→ **Task to complete**
What should be copied is the stretch of entries below from the line with "Dua Lipa: Επαναφέρει" up to and including the line with "5860 Summers Grove", exactly and without images.

→ **Stored data**
....
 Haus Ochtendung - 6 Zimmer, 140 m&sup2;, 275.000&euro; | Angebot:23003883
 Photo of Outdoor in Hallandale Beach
....
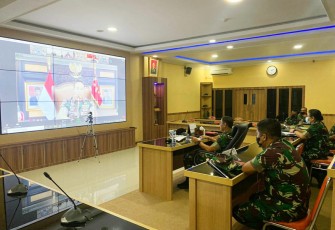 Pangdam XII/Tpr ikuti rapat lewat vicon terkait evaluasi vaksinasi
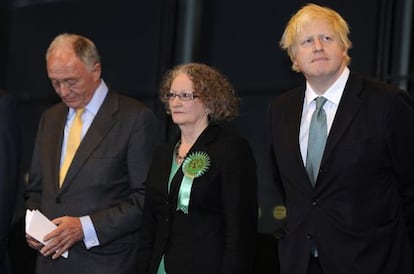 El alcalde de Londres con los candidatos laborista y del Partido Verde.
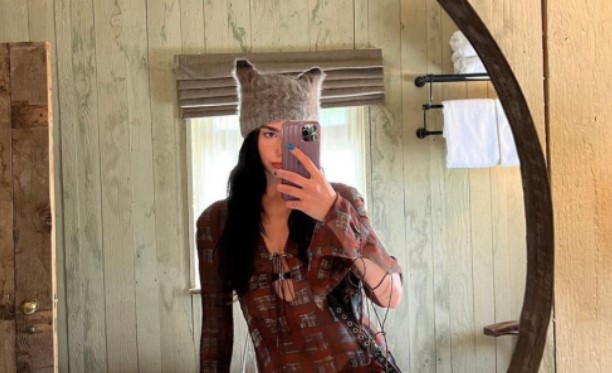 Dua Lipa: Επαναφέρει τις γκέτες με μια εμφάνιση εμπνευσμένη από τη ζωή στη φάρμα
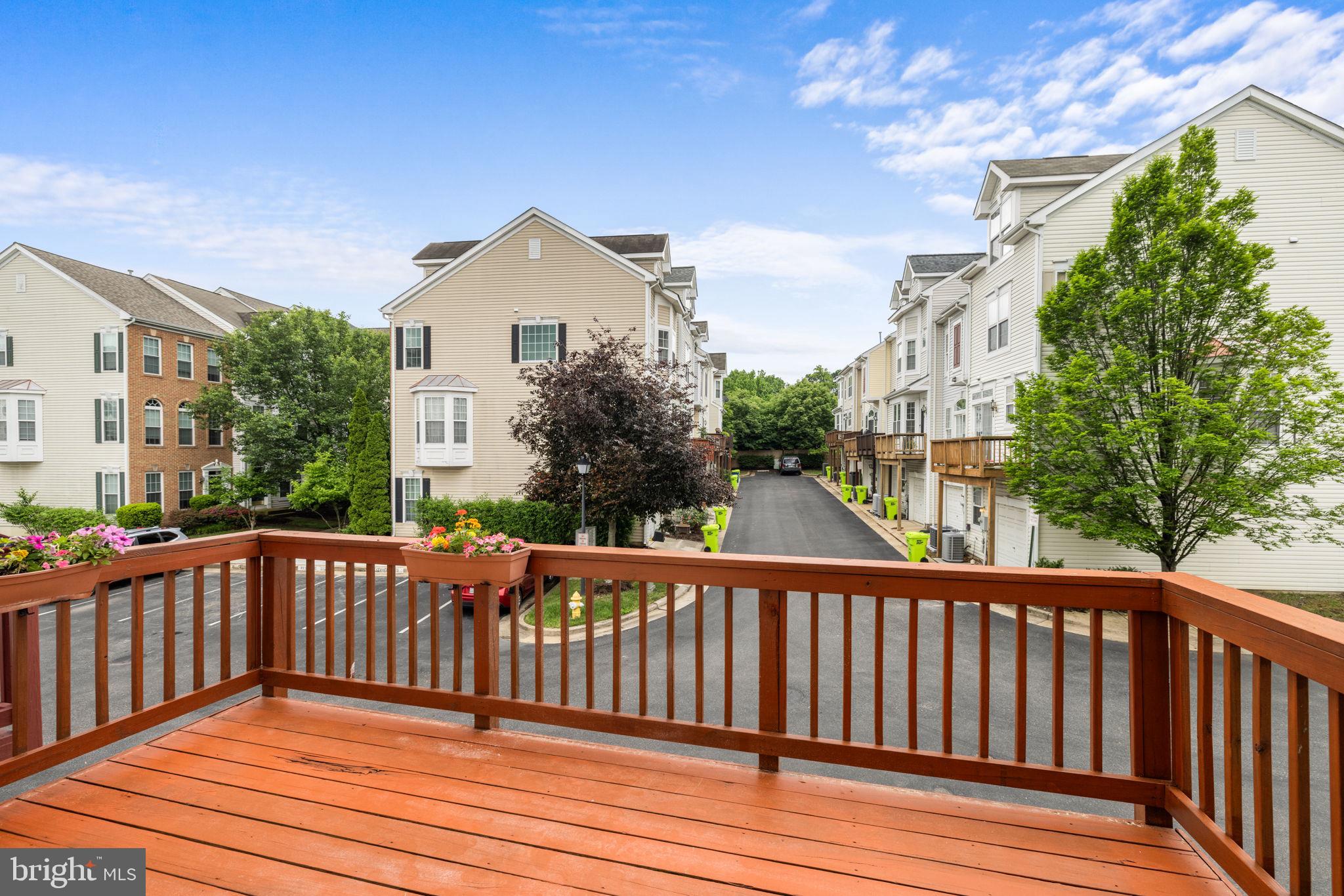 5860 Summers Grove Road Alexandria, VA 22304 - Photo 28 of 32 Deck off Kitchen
....
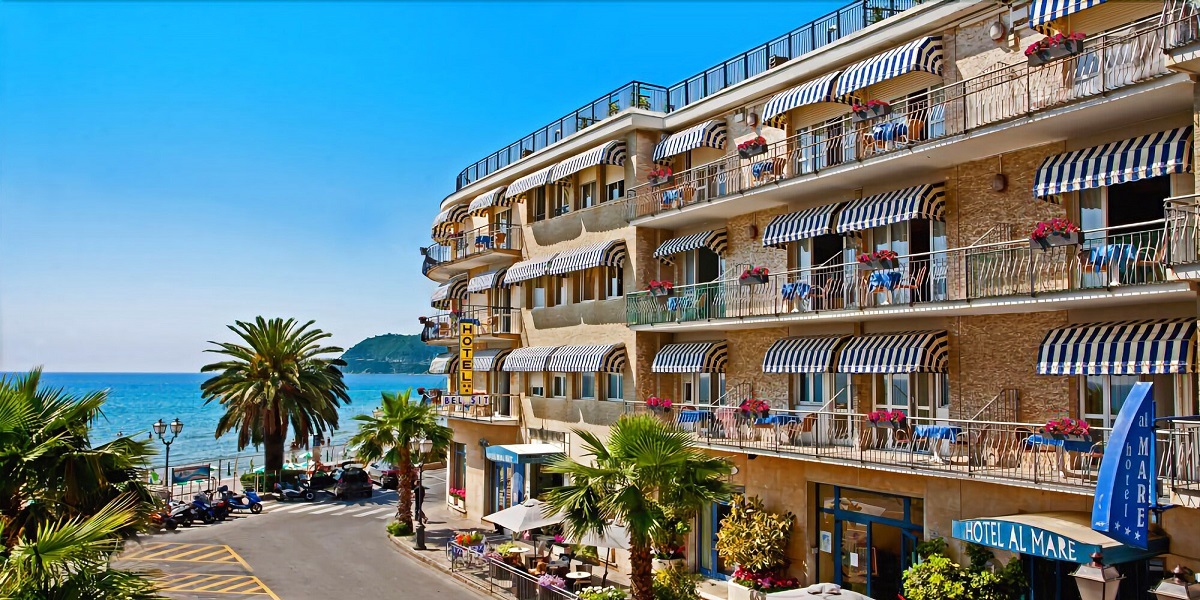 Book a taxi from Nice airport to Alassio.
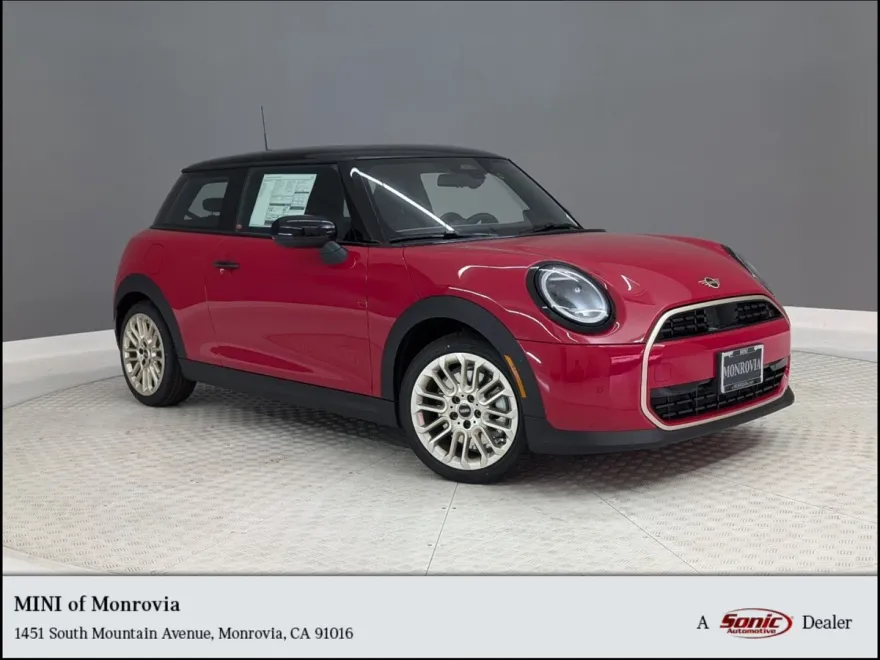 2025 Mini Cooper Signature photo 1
....
→ **Response to the exercise**
 Dua Lipa: Επαναφέρει τις γκέτες με μια εμφάνιση εμπνευσμένη από τη ζωή στη φάρμα
 5860 Summers Grove Road Alexandria, VA 22304 - Photo 28 of 32 Deck off Kitchen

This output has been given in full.